The Maryland team and another led by experts at Harvard University have now published separate papers in Nature, one of the world’s leading journals.

Professor Andrew Potter, of Texas University at Austin, who was part of the Maryland-led team, said: “This opens the door to a whole new world of non-equilibrium phases.

“We’ve taken these theoretical ideas that we’ve been poking around for the last couple of years and actually built it in the laboratory.

“Hopefully, this is just the first example of these, with many more to come.”

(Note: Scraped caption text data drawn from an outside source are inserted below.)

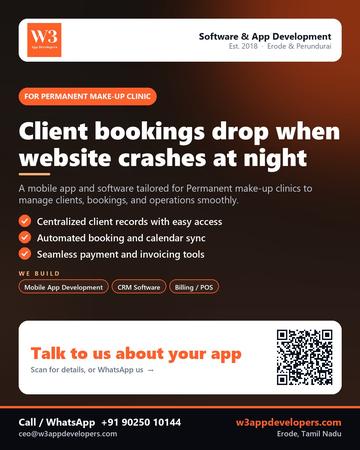 W3AppDevelopers poster for Permanent make-up clinic: Client bookings drop when website crashes at night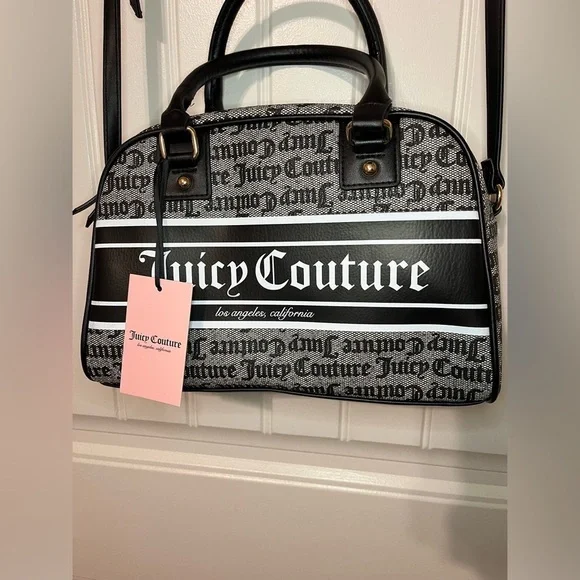 Juicy Couture Black Beige Fashionista Bowler, NWT - Picture 6 of 15
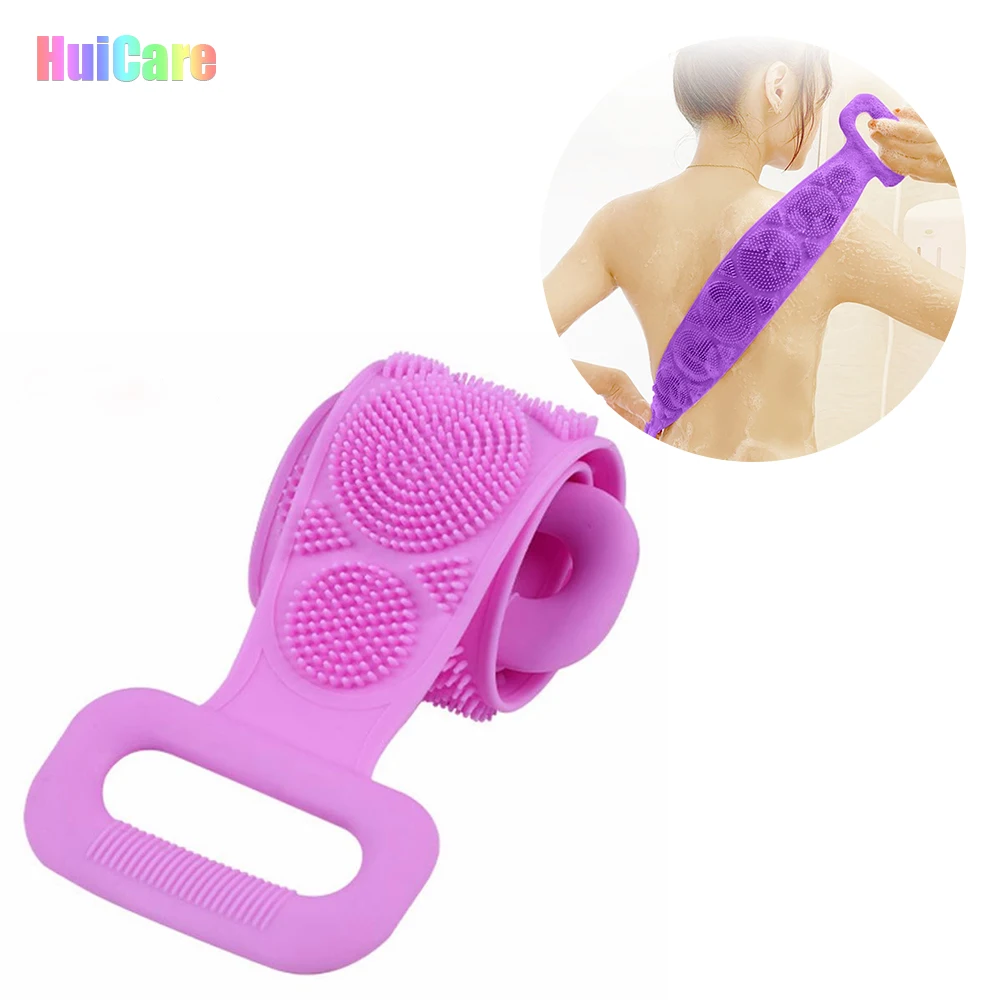 

Exfoliating Long Silicone Body Back Skin Cleaning Massage Body Washing Scrubbing Belt Double Side Back Scrubber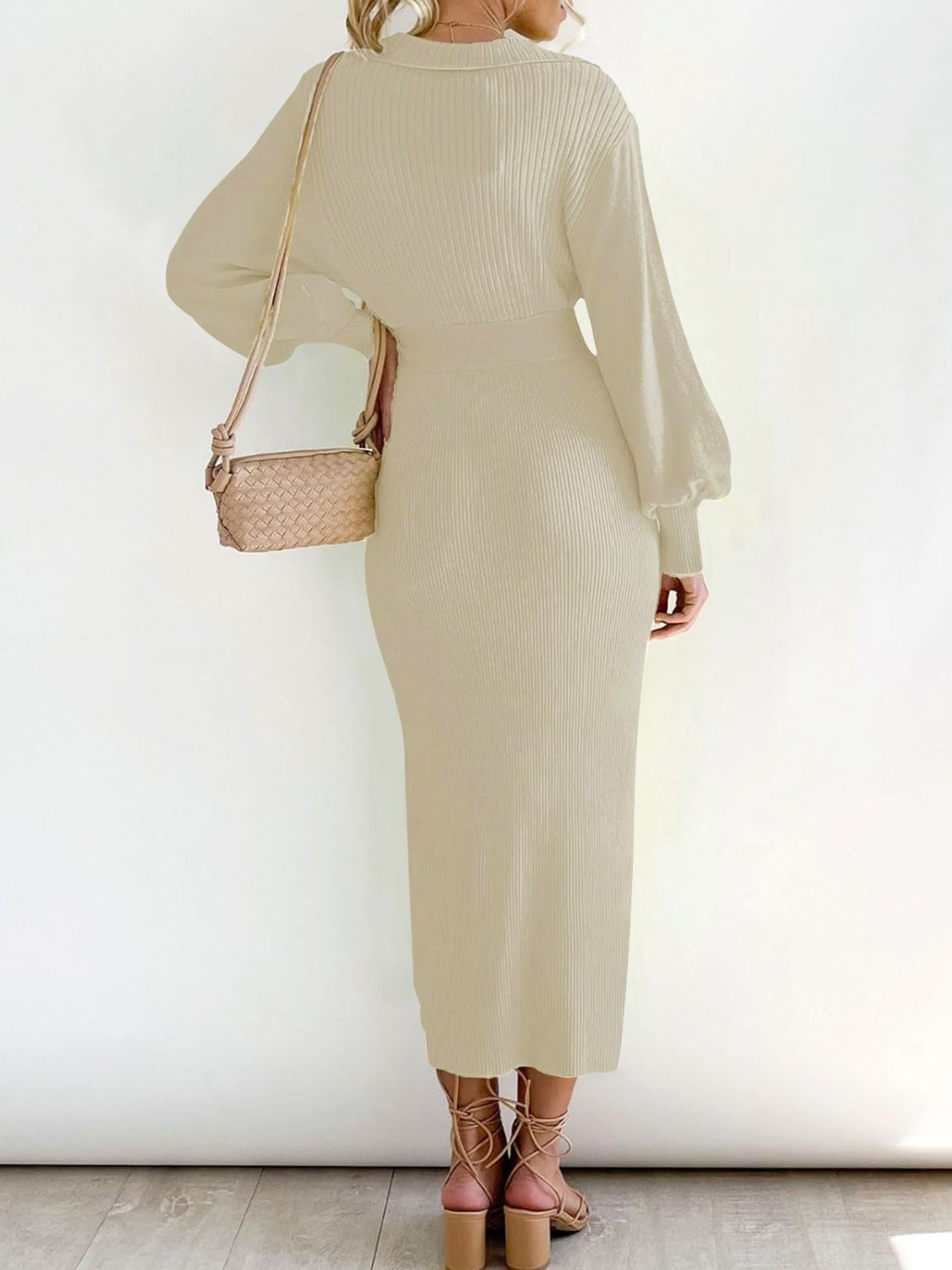 Tied Long Sleeve Wrap Sweater Dress - Brinxx Couture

However, in a commentary published by Nature, one leading expert in the field suggested more research was needed to prove without doubt that time crystals truly exist.

Professor Chetan Nayak, of University of California, Santa Barbara, wrote that based on our current knowledge it had been natural to see if it was possible to “spontaneously break the time-translational symmetry of the laws of physics”.

But he said it was possible that the unusual flipping motion seen in the purported time crystals might not last forever.

“Both groups present evidence of a time crystal,” Professor Nayak said, “but their combined results point to the need for experiments that truly show that the oscillations remain in phase over extended times and are not washed out by the inevitable fluctuations.”